Containers are running instances off images that are isolated and have their own environments and set of processes.
In case you cannot find what you are looking for you could create an image yourself and push it to the Docker hub repository making it available for the public.
If you look at it, traditionally developers developed applications. Then they hand it over to the Ops team to deploy and manage it in production environments. They do that by providing a set of instructions such as information about how the hosts must be set up, what pre-requisites are to be installed on the host and how the dependencies are to be configured etc. Since the Ops team did not develop the application on their own, they struggle with setting it up. When they hit an issue, they work with the developers to resolve it.
With Docker, a major portion of work involved in setting up the infrastructure is now in the hands of the developers in the form of a Docker file.

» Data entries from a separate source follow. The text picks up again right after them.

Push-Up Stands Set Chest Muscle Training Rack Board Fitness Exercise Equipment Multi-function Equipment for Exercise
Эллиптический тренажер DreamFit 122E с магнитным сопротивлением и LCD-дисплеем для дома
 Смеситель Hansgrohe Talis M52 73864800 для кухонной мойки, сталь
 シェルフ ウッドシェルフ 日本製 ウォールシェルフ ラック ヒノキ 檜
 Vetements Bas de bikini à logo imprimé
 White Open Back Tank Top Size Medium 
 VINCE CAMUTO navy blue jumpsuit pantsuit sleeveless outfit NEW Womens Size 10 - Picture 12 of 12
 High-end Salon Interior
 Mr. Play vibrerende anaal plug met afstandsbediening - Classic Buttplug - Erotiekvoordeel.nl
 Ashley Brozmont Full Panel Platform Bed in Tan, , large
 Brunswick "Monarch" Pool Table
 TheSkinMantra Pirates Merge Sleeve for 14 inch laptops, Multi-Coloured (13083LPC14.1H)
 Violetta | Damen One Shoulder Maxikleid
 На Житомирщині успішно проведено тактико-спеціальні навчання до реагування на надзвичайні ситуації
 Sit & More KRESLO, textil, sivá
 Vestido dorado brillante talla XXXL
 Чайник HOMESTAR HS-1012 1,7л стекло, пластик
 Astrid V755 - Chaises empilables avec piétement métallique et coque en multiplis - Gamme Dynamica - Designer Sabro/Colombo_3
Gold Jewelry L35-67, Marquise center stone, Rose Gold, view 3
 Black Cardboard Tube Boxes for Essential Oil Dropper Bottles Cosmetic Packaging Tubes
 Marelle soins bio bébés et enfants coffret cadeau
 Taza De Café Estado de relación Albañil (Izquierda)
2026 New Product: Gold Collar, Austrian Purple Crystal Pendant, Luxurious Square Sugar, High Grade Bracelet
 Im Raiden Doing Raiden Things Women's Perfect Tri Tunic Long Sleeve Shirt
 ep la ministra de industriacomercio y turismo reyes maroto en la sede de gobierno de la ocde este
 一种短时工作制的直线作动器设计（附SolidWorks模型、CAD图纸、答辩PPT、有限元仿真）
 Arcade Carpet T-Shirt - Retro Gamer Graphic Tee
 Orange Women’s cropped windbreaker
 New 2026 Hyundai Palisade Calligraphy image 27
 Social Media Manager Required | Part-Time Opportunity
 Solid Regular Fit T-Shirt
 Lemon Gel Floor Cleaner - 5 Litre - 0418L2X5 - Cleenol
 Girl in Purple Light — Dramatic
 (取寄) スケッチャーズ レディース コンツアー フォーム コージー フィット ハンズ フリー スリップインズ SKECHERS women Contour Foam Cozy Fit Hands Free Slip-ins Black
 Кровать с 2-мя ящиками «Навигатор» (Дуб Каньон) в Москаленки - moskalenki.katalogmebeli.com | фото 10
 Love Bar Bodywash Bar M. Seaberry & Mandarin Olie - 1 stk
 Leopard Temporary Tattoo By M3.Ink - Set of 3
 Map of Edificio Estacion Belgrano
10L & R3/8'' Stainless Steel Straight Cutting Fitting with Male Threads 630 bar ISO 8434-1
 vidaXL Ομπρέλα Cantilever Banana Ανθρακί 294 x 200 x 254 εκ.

The guide that the developers built previously to set up the infrastructure can now easily put together into a Dockerfile to create an image for their applications. This image can now run on any container platform and is guaranteed to run the same way everywhere. So the Ops team now can simply use the image to deploy the application. Since the image was already working when the developer built it and operations are not modifying it, it continues to work the same when deployed in production.
Once you understand the process of creating a container, you will easily recognize how different images and containers are. After reading this article, you should now have a good understanding of what a Docker is, what Docker image is, what a container is, and how they are connected.